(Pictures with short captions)
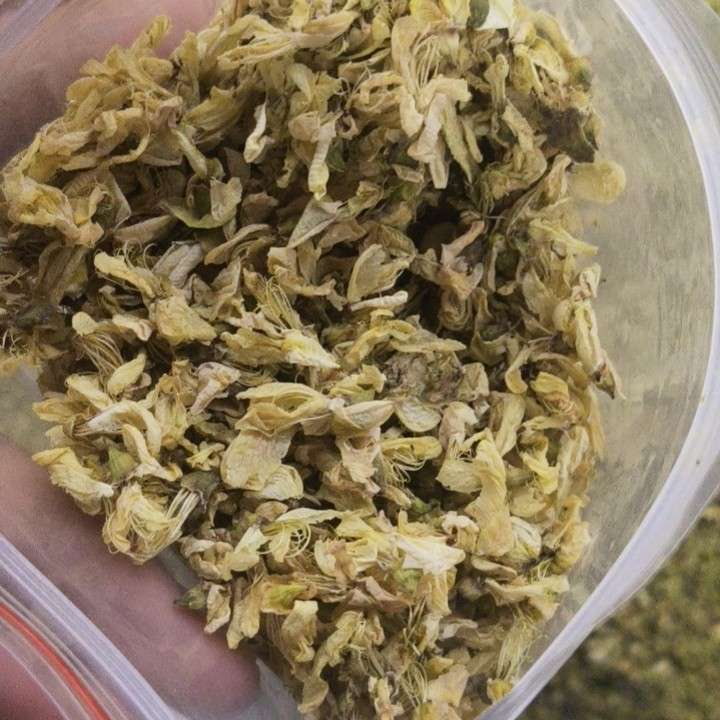 中药材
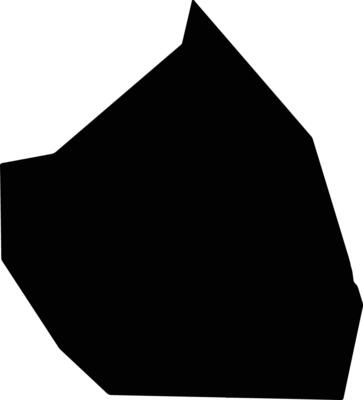 VI 3 Black Bush Polder Guyana silhouette map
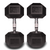 27.5kg Dumbbells Pair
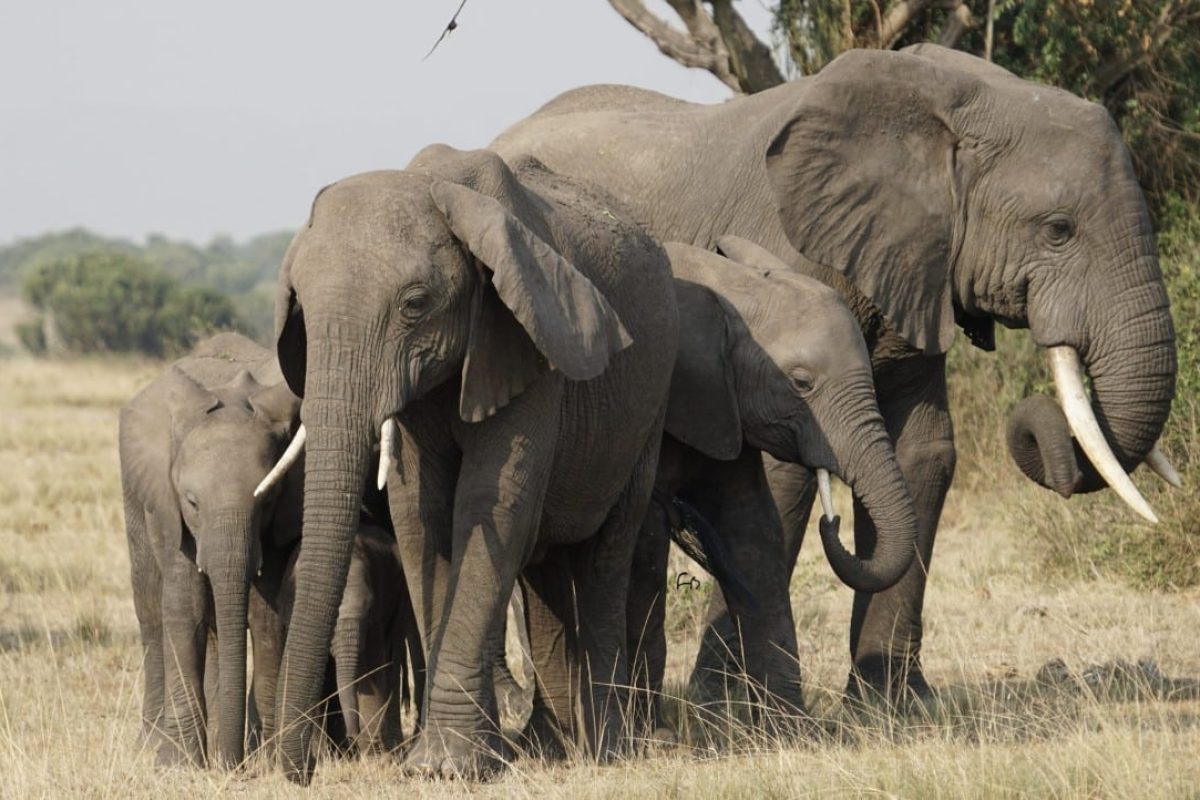 Queen Elizabeth National Park - Uganda Safaris - Uganda National Parks - Cheetah Safaris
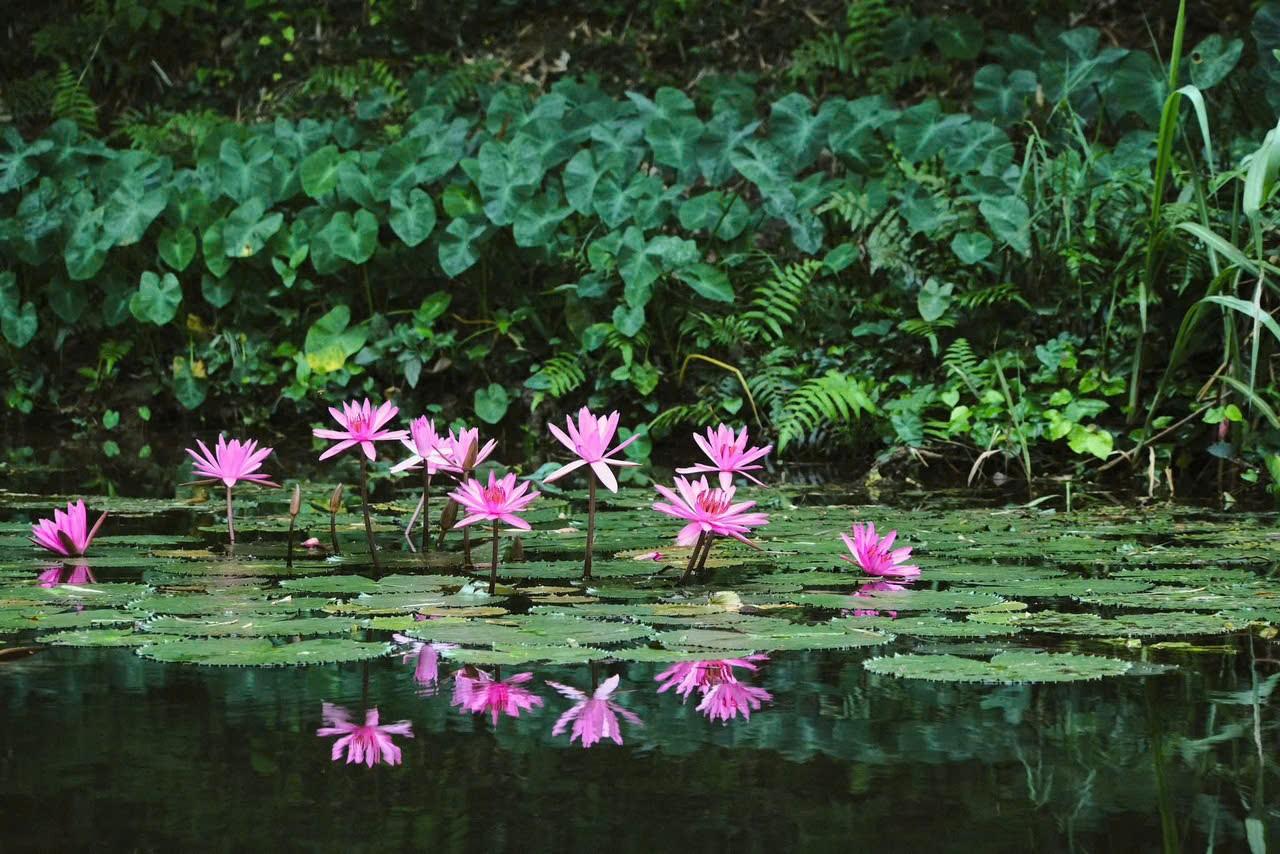 Hanoi to Ninh Binh: Hoa Lu, Trang An & Mua Cave Day Tour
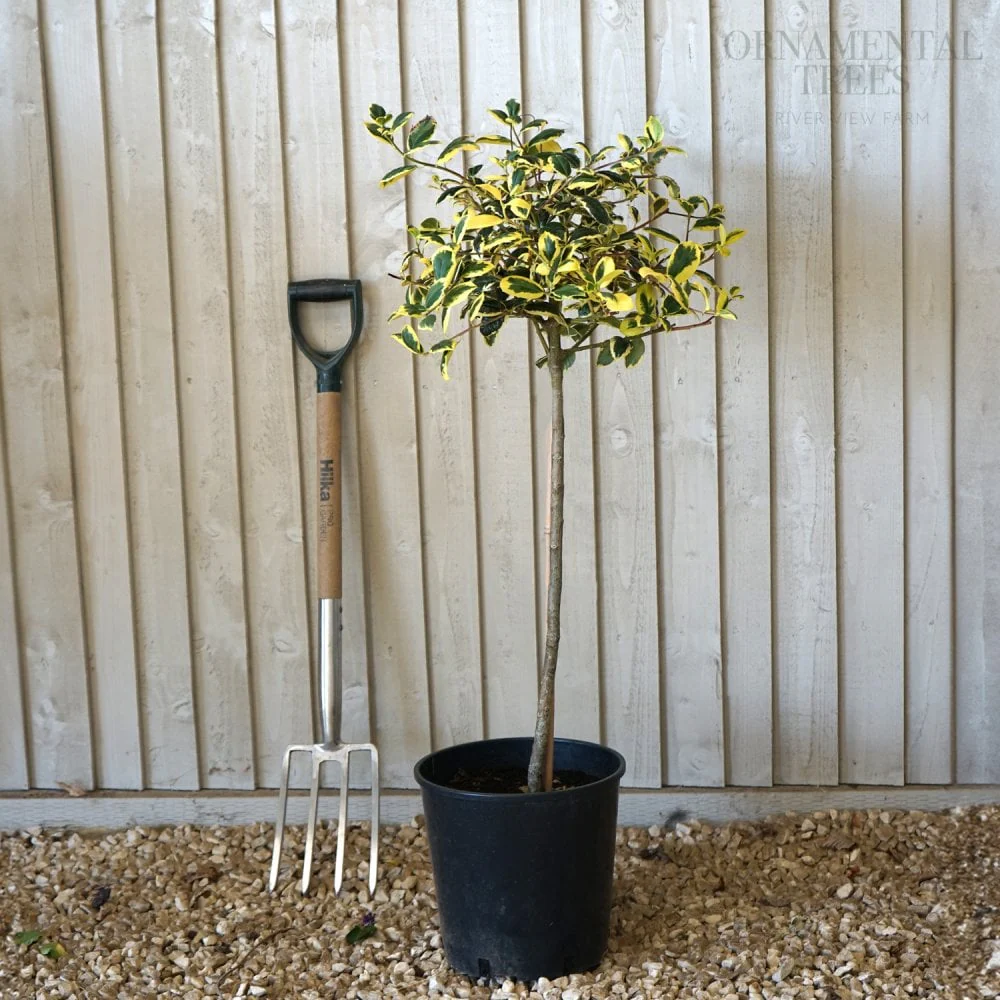 Ilex x altaclerensis 'Golden King' Tree - Image 5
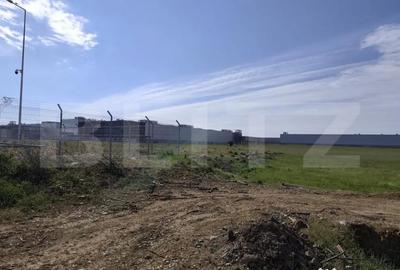 Teren de 10000 mp, în Nufărul - 3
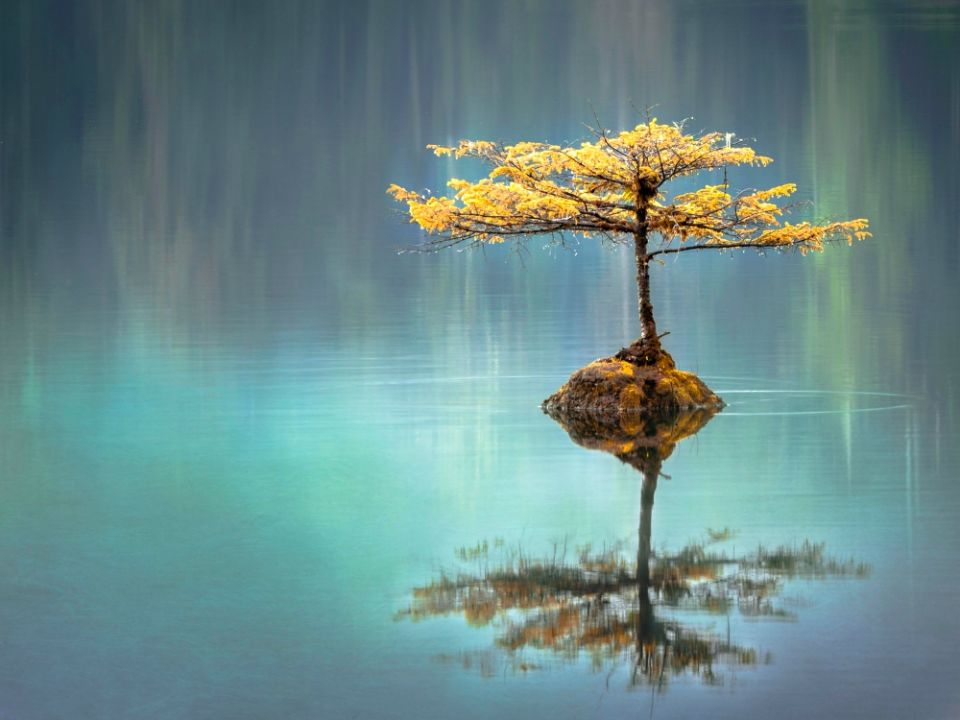 (Unsplash / Faye Cornish)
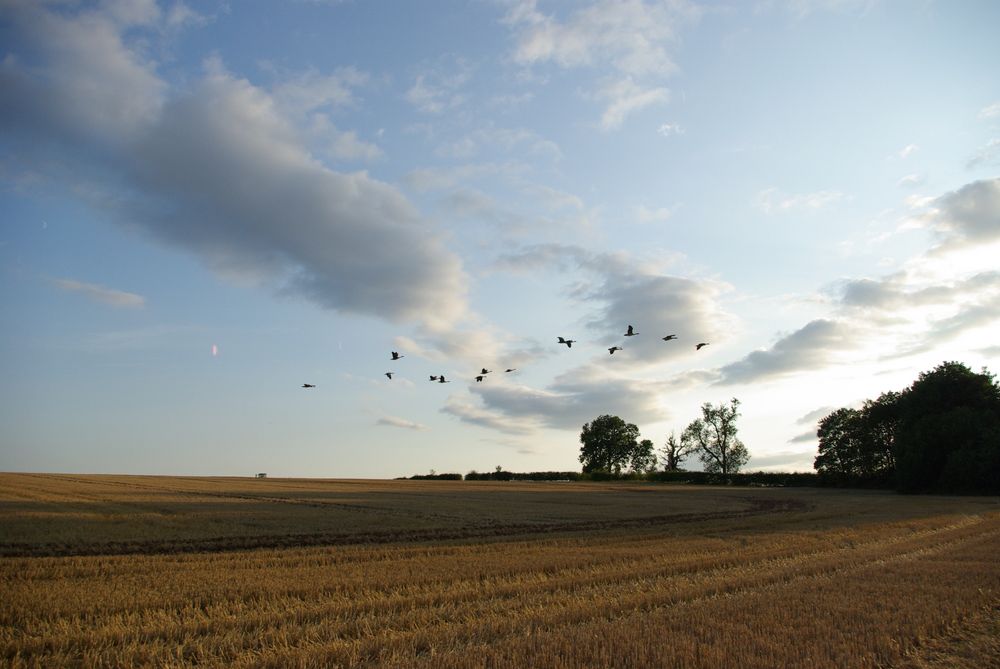 Flock of geese flying over the harvested field. Trees to the right. Blue sky and clouds overhead.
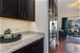 1401 N Wieland Unit W, Chicago, IL 60610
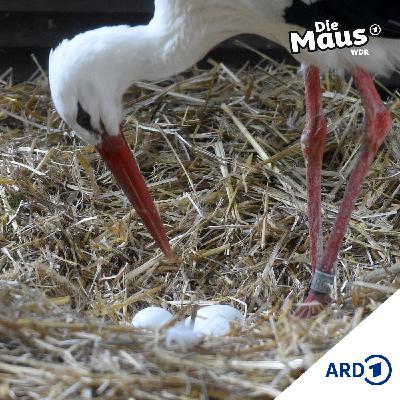 Eine lange Reise (1/5) I Tierliches ab 6 Jahren Eine lange Reise (1/5) I Tierliches ab 6 Jahren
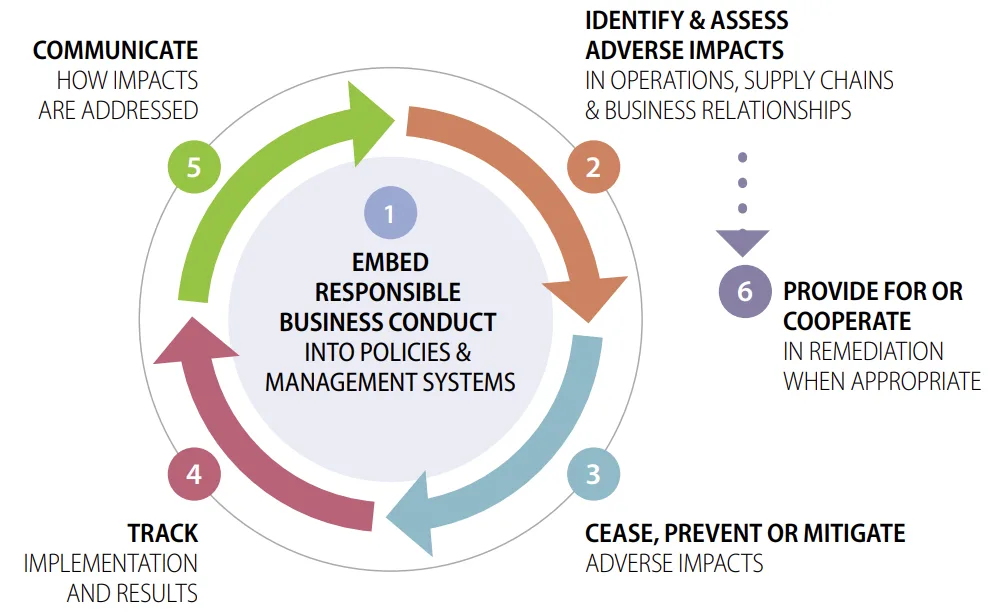 OECD six-step due diligence process for responsible business conduct Circular diagram of the OECD six-step due diligence process for responsible business conduct: embed, identify and assess, cease/prevent/mitigate, track, communicate, and provide for or cooperate in remediation.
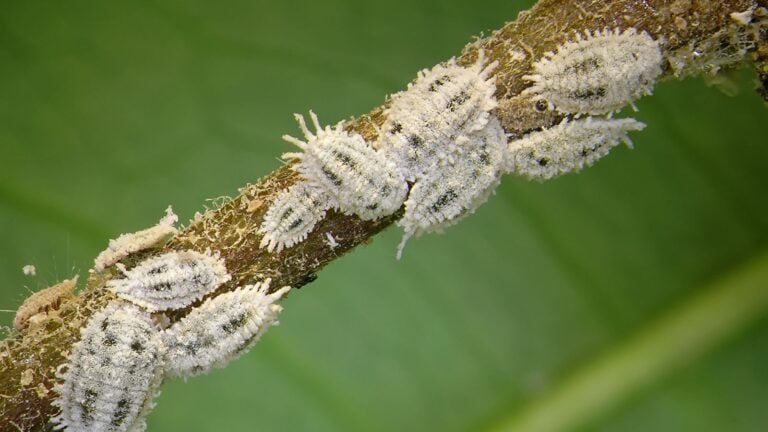 How to Remove and Prevent Mealybugs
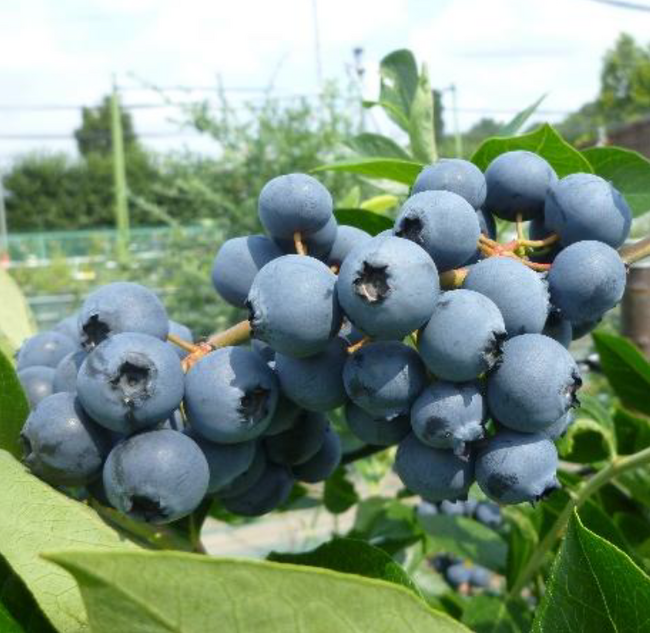東京都が開発した暑さに強いブルーベリー　2品種の愛称を募集！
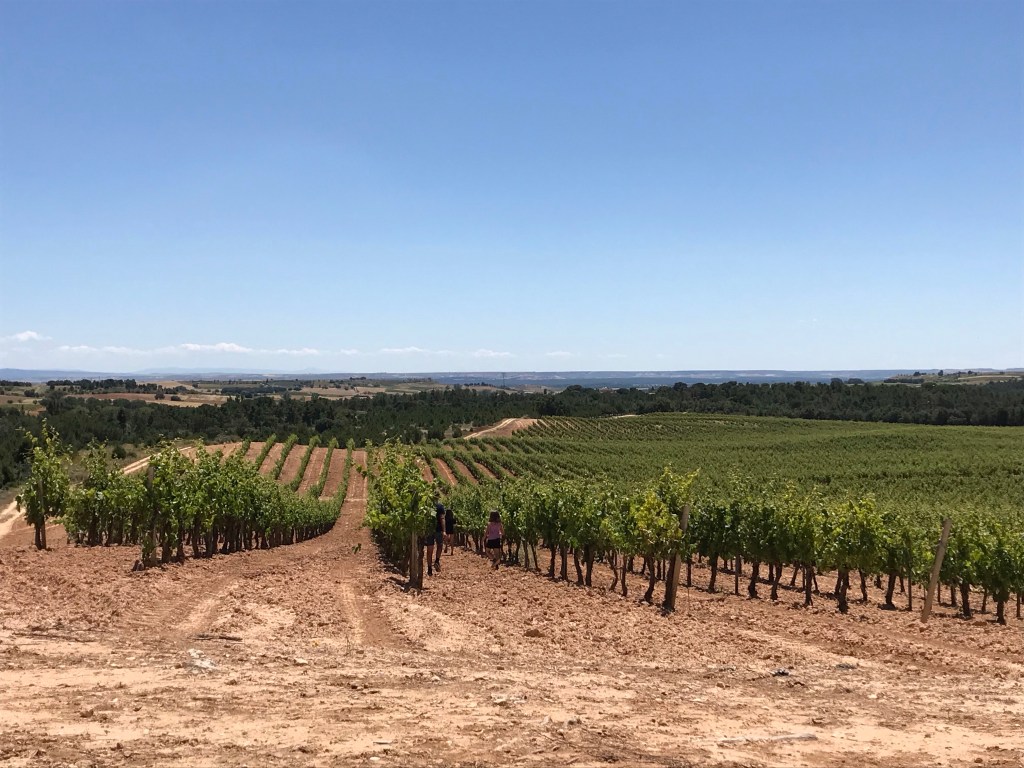 Cereal y viñas en la horra. Burgos. Castilla y León.&nbsp;20.6.2020
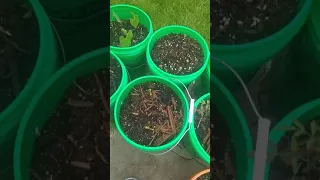 Menards 5 Gallon Bucket Garden with tortoise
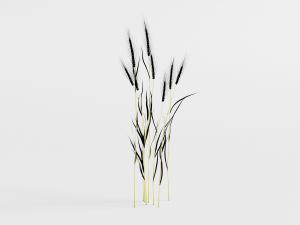 结果穗的麦苗农作物花草植物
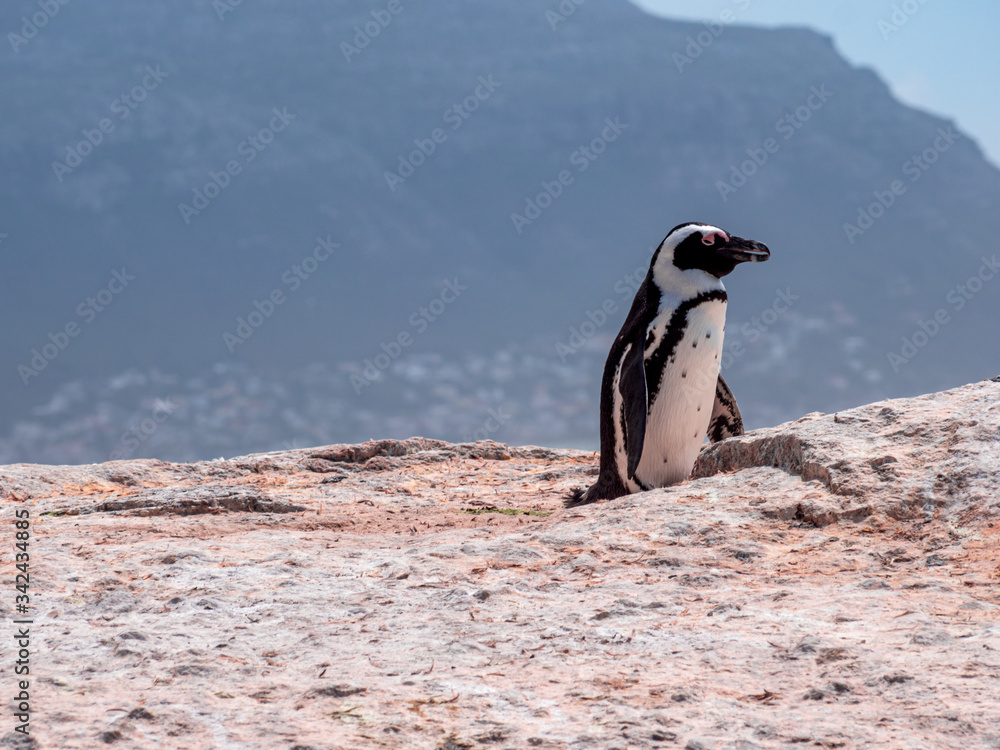Obraz premium Penguin Colony at the South African free landscape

TASK TO CARRY OUT. Restate the data word for word while omitting each picture.

RESPONSE TO THIS EXERCISE.
 中药材
 VI 3 Black Bush Polder Guyana silhouette map
 27.5kg Dumbbells Pair
 Queen Elizabeth National Park - Uganda Safaris - Uganda National Parks - Cheetah Safaris
 Hanoi to Ninh Binh: Hoa Lu, Trang An & Mua Cave Day Tour
 Ilex x altaclerensis 'Golden King' Tree - Image 5
 Teren de 10000 mp, în Nufărul - 3
 (Unsplash / Faye Cornish)
 Flock of geese flying over the harvested field. Trees to the right. Blue sky and clouds overhead.
 1401 N Wieland Unit W, Chicago, IL 60610
 Eine lange Reise (1/5) I Tierliches ab 6 Jahren Eine lange Reise (1/5) I Tierliches ab 6 Jahren
 OECD six-step due diligence process for responsible business conduct Circular diagram of the OECD six-step due diligence process for responsible business conduct: embed, identify and assess, cease/prevent/mitigate, track, communicate, and provide for or cooperate in remediation.
 How to Remove and Prevent Mealybugs
東京都が開発した暑さに強いブルーベリー　2品種の愛称を募集！
 Cereal y viñas en la horra. Burgos. Castilla y León.&nbsp;20.6.2020
 Menards 5 Gallon Bucket Garden with tortoise
 结果穗的麦苗农作物花草植物
Obraz premium Penguin Colony at the South African free landscape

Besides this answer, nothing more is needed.